I want to kick off this week like a lion rather than a lamb.
This is a hard topic to discuss, especially in the church setting, but it’s necessary.
In recent years, there has been an uptick in news stories from large churches where the lead pastors (some who are nationally and internationally recognized) have been accused of spiritual abuse.
So, this pondering today is going to be a bit heavy.
It’s the kind of thing that makes you want to just, like, go for a long walk on the beach and stare at the waves. It makes me angry when I read stories like these, but more importantly, I have experienced leaders who used organized religion to expand their own kingdom, to establish monuments in their own names and called it “the will of God”.
I think it’s a crucial topic and we NEED to talk about it.
We can’t ignore this issue. It has happened in our past, and it is still happening in our present church culture.
Let’s call an Ace an Ace, shall we? Let’s not beat around the bush.
Here goes:
Spiritual abuse. And, yeah, sometimes, toxic leaders in the church.
Look, the church, in its best moments, is supposed to be this incredible space, right? A place of love, grace, community, transformation. A place where you can ask the big questions, wrestle with doubt, find some kind of… peace. But sometimes, it gets twisted. Sometimes, it gets… messed up.
You see, power, it’s a tricky thing. And when power gets mixed with, you know, a sense of divine authority?
That’s where things can go sideways. Fast.

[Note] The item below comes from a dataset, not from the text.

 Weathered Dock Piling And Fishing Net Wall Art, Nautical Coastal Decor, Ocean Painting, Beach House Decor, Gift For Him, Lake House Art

Some power-hungry leaders have abused others through an erroneous understanding of biblical submission and wield their leadership like a scepter while expecting their subordinates to kiss their ring.
Think about it. We’re all looking for something.
We’re all searching for meaning, for connection.
And when someone steps up, claims they’ve got the inside track to God, that they know the secret sauce, well, it’s tempting, isn’t it? To just… hand over the keys. To let them drive.
And that’s where the trouble starts.
What does it look like?
- Control: It’s not about guidance, it’s about domination. They dictate your thoughts, your actions, your relationships. They tell you what to wear, who to talk to, how to spend your time.
- Manipulation: They use guilt, shame, and fear to keep you in line. They twist scripture, they play on your insecurities, and they make you feel like you’re never good enough. Much of it becomes performance-based measures that no one can always live up to.
- Isolation: They cut you off from your support system. They tell you that anyone who disagrees with them is “of the world,” that they’re trying to lead you astray. (Insight Digital Magazine, 2024)
- Spiritual Blackmail: They imply that if you leave, you’ll lose God’s favor. Or worse. That you’ll be damned.
- Narcissism: It’s all about them. Their needs, their ego, their vision. They demand constant praise and adoration. They can’t admit they’re wrong.
It’s subtle, you know? It doesn’t always look like fire and brimstone.
Sometimes, it’s just a whisper, a sideways glance, a subtle put-down.
It’s the constant feeling that you’re walking on eggshells.

So, what do we do? How do we break free?
Here are 7 suggestions to help you find freedom if you find yourself stuck in Spiritual Abuse of one kind or another:
1) trust your gut. If something feels off, it probably is. If you’re constantly feeling anxious, manipulated, or controlled, that’s a red flag.
2) find your voice. Start asking questions. Challenge the status quo. Don’t be afraid to disagree. Remember, doubt isn’t the opposite of faith; it’s often a part of it.
3) build a support network. Find people you can trust, people who will listen without judgment. Talk to a therapist, a counselor, or a trusted friend. You are not alone.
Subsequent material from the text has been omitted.